WHAT THE TASK REQUIRES.
Leave out the pictures and repeat exactly the lines from the one containing "tattoo design idea" through the final line of the listing below.

STORED DATA.
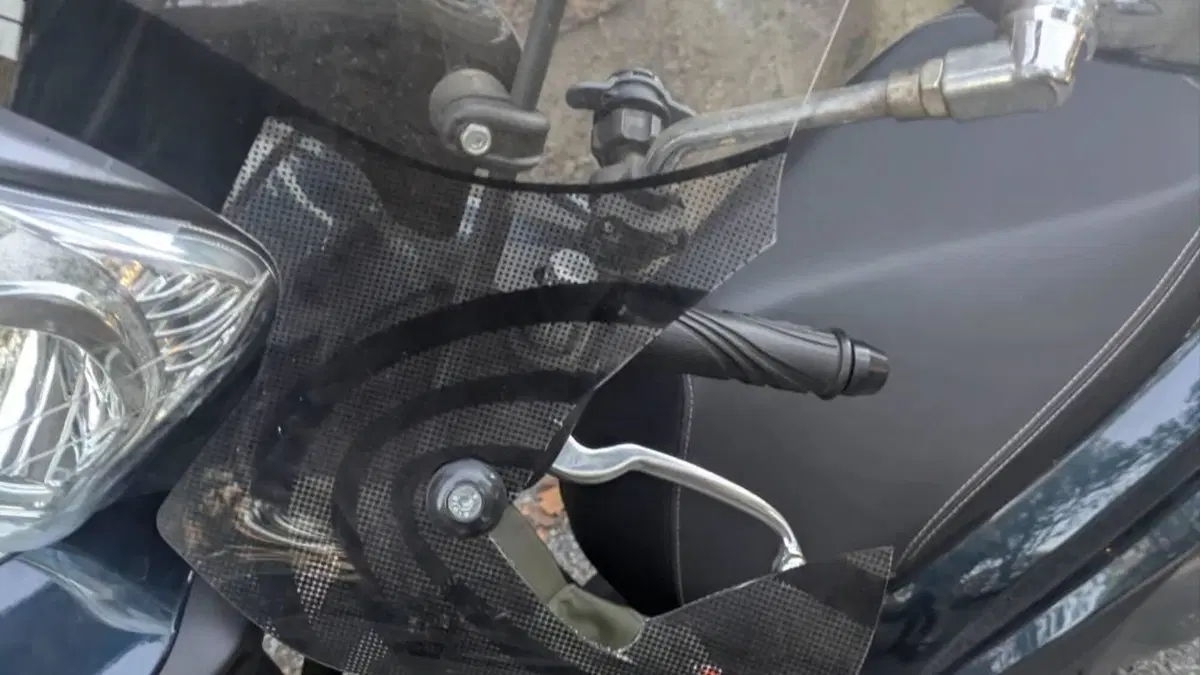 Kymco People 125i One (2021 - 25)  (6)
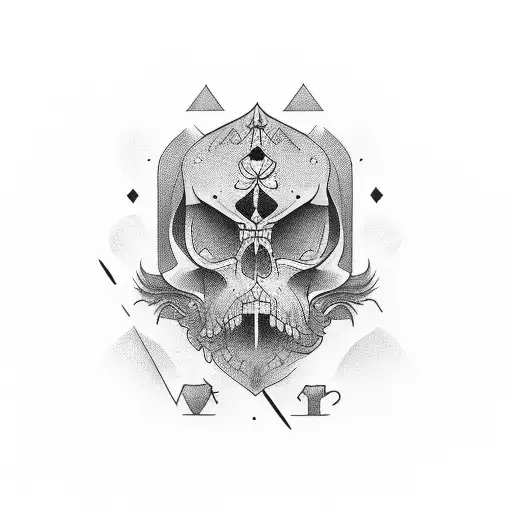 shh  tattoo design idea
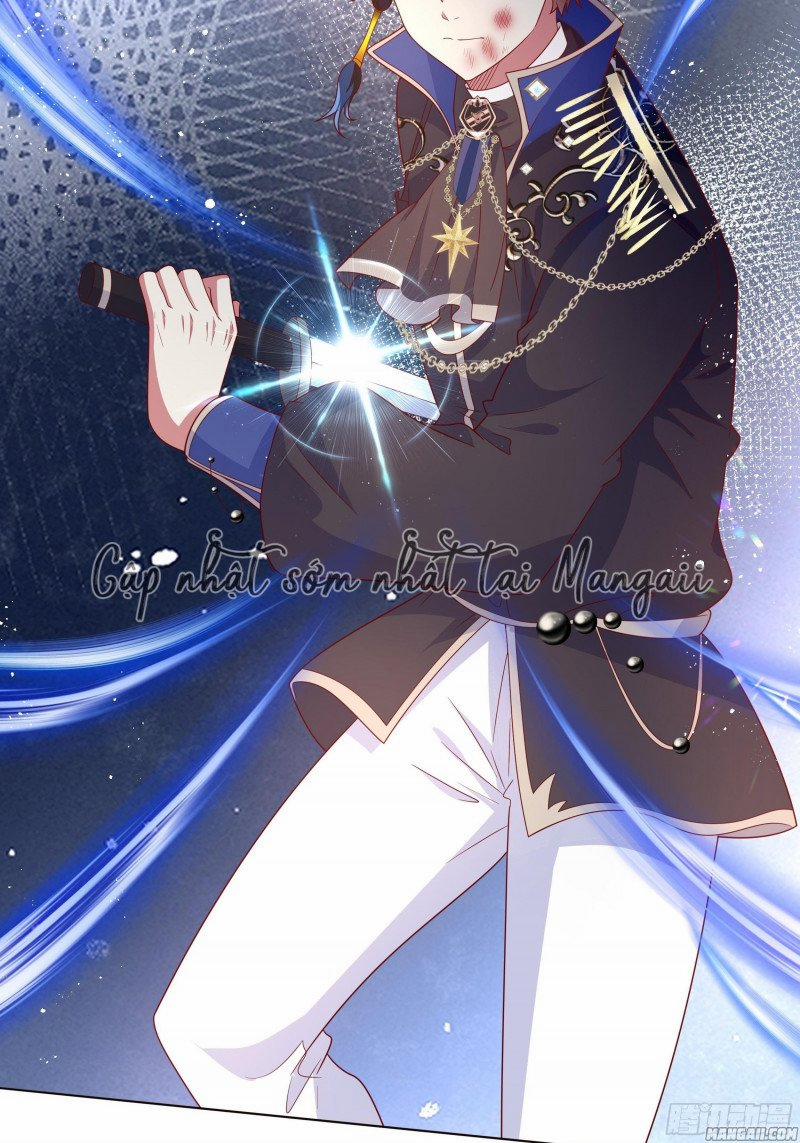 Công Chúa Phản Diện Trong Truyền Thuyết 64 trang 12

EXERCISE OUTPUT.
 shh  tattoo design idea
 Công Chúa Phản Diện Trong Truyền Thuyết 64 trang 12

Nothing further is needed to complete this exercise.